Buddhism does have a faith-based practice, called Pure Land. It's not as popular in the US as it once was, but there's a door to the Dharma for everyone.
If I had not already had a life-long interest in transcendent experiences (regardless the religious base), I might have spent more time inserting my preferred deity into the experience, just to make SENSE out of it. Heck, I might not have even recognized it as altered or transcendent.
To a person without my kind of curiosity-led study, who needs to make sense out of a startlingly odd experience they had, attributing it to the most familiar deity makes perfect sense. We seem to be 'programmed' to do that. What with our pattern-seeking brains and all.
What little I know of Pure Land sounds like a faith-based religion, for sure. If I weren't such a helpless skeptic, I could do theism in a Pure Land framework
There's a modern guy, a psychotherapist, who wrote some books about Pure Land and Zen from a psychological perspective. David Brazier is his name, I believe, I have one of his books in my kindle library.
Hey, so do I !!!! I've never met someone else who passed gas mindfully (or with a touch o' the mindfulness brush).
I too struggle for 'equanimity' in the presence of some of them.
Undoubtedly. It then gets wrapped up in confirmation bias.
People on retreats seem to get quite good at it, the "silent but violent" variety.
@SpinyNorman: Church is another such arena. In my part of the world, 'silent' and 'violent' aren't so homophonic, we like that 'oh' sound, so we say "silent but deadly", or SBD. In spite of that I'm definitely appropriating 'silent but vi'lent' into my repertoire.

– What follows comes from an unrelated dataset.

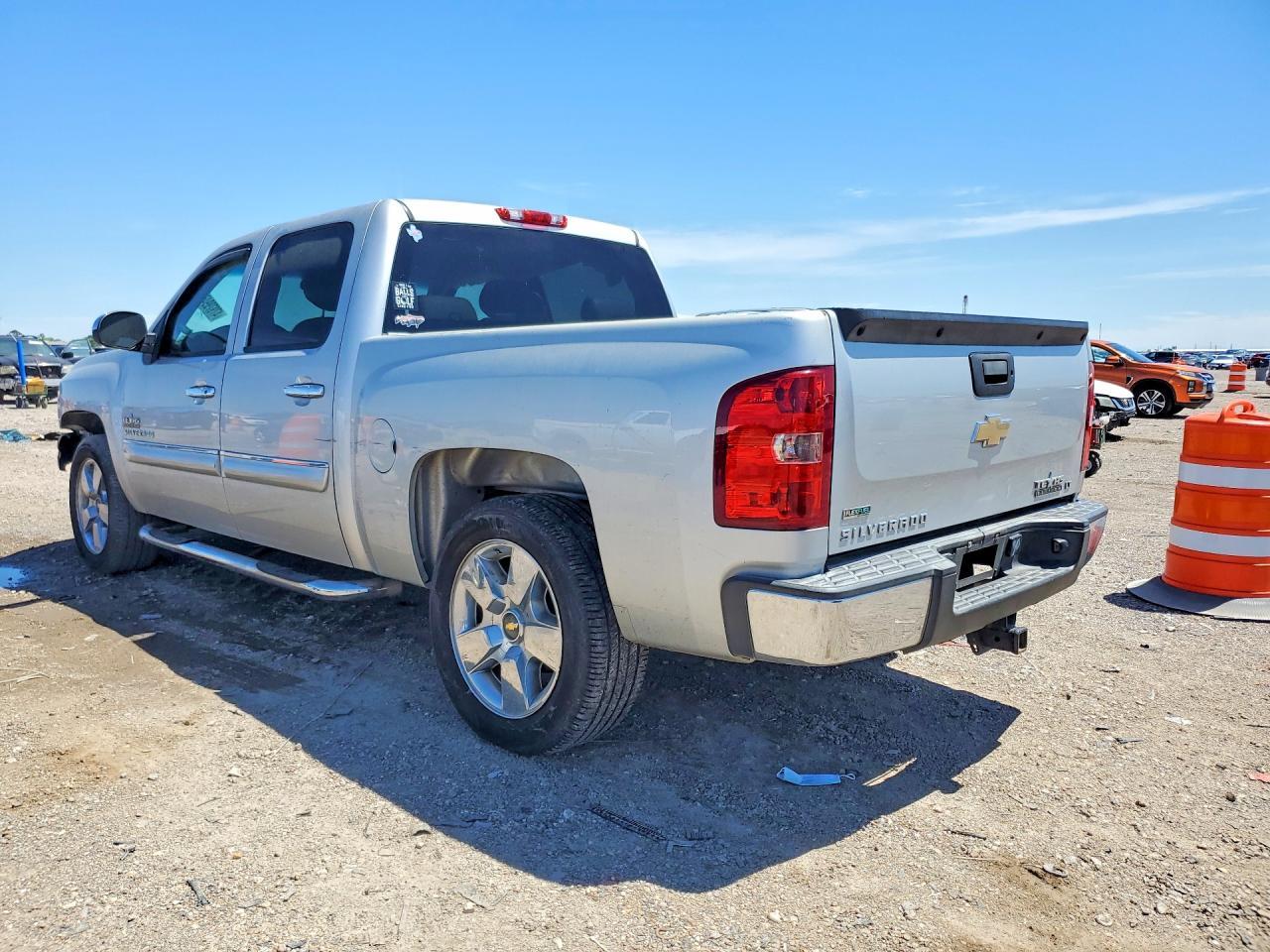 2011 Chevrolet Silverado C1500 Lt - Фото 2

When I was a young teenage I had a friend who was seventh day Adventist. She tried to describe the experience of being saved to me. As I recall she said that after a period of praying and asking Jesus to come into her heart a moment came when she new that it had happened.
She was talking to someone with no way to relate to her experience but what she described sounded to me like something that was defined and extraordinary. I thought that I would like to have that experience, but of course I didn't have the background or the faith to attain it at that time.

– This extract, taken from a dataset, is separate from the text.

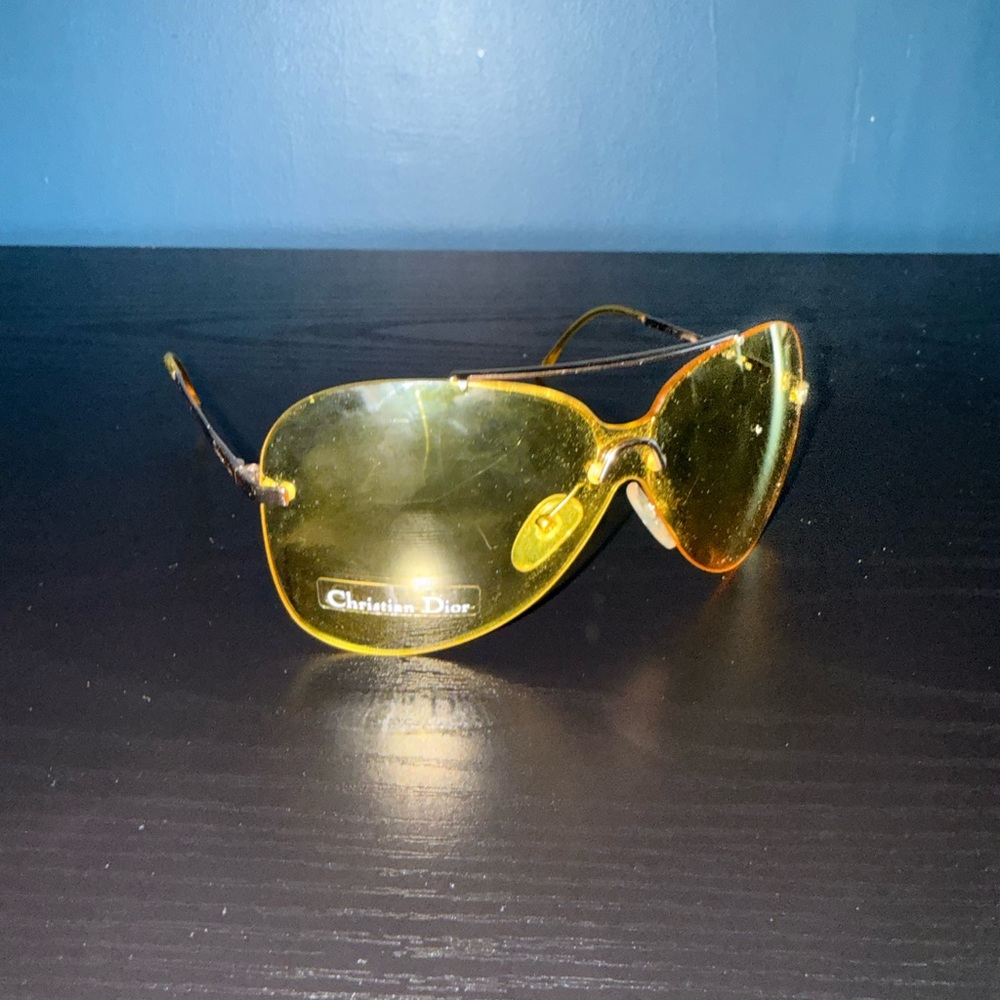 Dior Sunglasses with Vibrant Yellow Lenses - Picture 4 of 5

Later, when I could better relate to what she had described I assumed that the experience is universal. Words, names and descriptions come afterward.
Her mistake, if it was one, was common and that is to assume that her way is authentic and all other ways are false.

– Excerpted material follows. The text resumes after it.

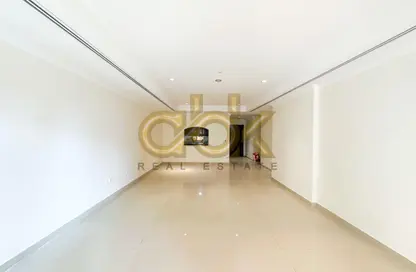 Apartment - 1 Bedroom - 2 Bathrooms for rent in East Porto Drive - Porto Arabia - The Pearl Island - Doha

It was silent but deadly where I grew up as well @Hamsaka. Never heard silent but violent before.
I think samadhi is substained stillness of mind. Assuming faith means meditator is clear of any paralysing doubt when sitting, (doubt obviously is one of the hindrances in meditation), then faith (good open minded doubt) seems compatible with samadhi.
As best I can understand it, the Christians who describe 'faith' similar to samadhi aren't defensive or easily offended. Or 'rattled' when attempting to rationally explain religious experiences, a difficult thing to do anyway.
For those committed to retreat there are progressively deeper and more subtle levels of meditation and people are able to differentiate between them so I don't think we can say that all experiences are the same and everyone is just unconsciously applying their own biased view.